Dmi6000b series fluorescent microscope

Immunofluorescence assays were carried out as previously described¹¹. 1 × 10⁵ HEK293 cells overexpressing Flag-WT-YBX1 were seeded in a 24-well plate unto a 0.1% sterile gelatin pre-coated coverslip/well and left overnight. Cells were fixed with 4% formaldehyde solution for 30 min followed by blocking buffer for 10 min at R.T. Coverslips were further probed with anti-Flag antibody for the detection of Flag-tagged WT-YBX1 and anti-PRMT5 antibody for the detection of endogenous PRMT5 followed by Alexa Fluor 488 (green) goat anti-mouse IgG and Alexa Fluor 594 goat anti-rabbit IgG. Coverslips were sealed using mounting media containing HOECHST to stain the nucleus. All slides were visualized under a Leica DMI6000B series fluorescent microscope at 63 × magnification.

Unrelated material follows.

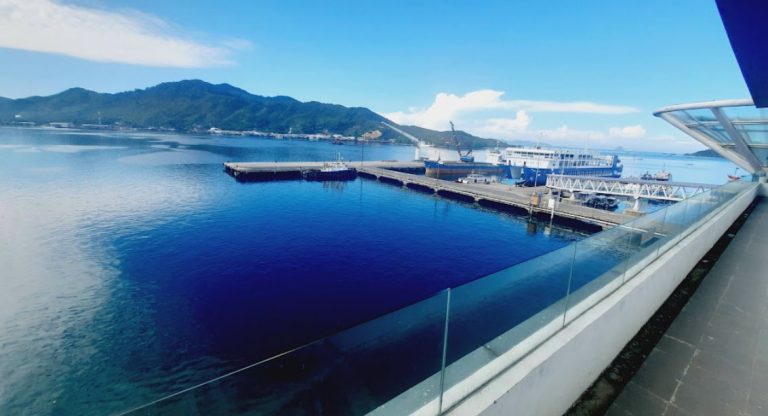 dermaga kapal penumpang pelabuhan sibolga 768x416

1 × 10⁵ PANC1 or MIA PaCa2 cells were seeded onto coverslips in a 24-well plate. The next day, the cells were treated with or without IL-1β for 1 h. After treatment, the cells were fixed with 4% formaldehyde for 30 min, and the reaction was quenched by 100 mM glycine for 5 min. The cells were gently washed with 1× PBS and then blocked and permeabilized with blocking buffer (1XPBST and 1% BSA) and permeabilizing buffer (Blocking buffer with 0.2% Tritonx-100), respectively. Cells were further probed with anti-FLAG antibodies for FLAG-tagged WT-p65 or S550A, S551A, and S550A/S551A and Alexa Fluor 488 (green) goat antimouse IgG. Before sealing the coverslips, mounting medium with DAPI was used to stain the nucleus. The slides were examined under a Leica DMI6000B series fluorescent microscope at 40× magnification.